WHAT THIS TASK INVOLVES:
Reproduce the data below line by line, from its first line to the line with "Audi A6L — Фото автомобиля 13", both included, and nothing past that point.
Start of Block
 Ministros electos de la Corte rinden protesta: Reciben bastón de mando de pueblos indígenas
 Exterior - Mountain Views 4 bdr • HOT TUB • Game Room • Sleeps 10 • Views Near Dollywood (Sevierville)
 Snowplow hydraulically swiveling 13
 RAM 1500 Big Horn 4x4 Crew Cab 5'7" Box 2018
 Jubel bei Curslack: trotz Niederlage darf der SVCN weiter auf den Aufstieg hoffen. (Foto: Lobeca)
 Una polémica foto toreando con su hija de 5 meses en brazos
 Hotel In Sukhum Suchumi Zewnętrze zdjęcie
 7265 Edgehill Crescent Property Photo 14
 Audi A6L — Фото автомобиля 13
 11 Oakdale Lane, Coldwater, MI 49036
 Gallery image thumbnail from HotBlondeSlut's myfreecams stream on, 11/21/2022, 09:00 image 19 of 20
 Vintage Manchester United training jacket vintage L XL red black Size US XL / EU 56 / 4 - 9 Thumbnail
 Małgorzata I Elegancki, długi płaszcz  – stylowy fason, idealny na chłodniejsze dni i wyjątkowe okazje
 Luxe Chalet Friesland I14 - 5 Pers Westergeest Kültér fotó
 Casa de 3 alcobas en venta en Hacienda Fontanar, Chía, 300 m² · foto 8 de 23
End of Block
FINISHED TASK:
 Ministros electos de la Corte rinden protesta: Reciben bastón de mando de pueblos indígenas
 Exterior - Mountain Views 4 bdr • HOT TUB • Game Room • Sleeps 10 • Views Near Dollywood (Sevierville)
 Snowplow hydraulically swiveling 13
 RAM 1500 Big Horn 4x4 Crew Cab 5'7" Box 2018
 Jubel bei Curslack: trotz Niederlage darf der SVCN weiter auf den Aufstieg hoffen. (Foto: Lobeca)
 Una polémica foto toreando con su hija de 5 meses en brazos
 Hotel In Sukhum Suchumi Zewnętrze zdjęcie
 7265 Edgehill Crescent Property Photo 14
 Audi A6L — Фото автомобиля 13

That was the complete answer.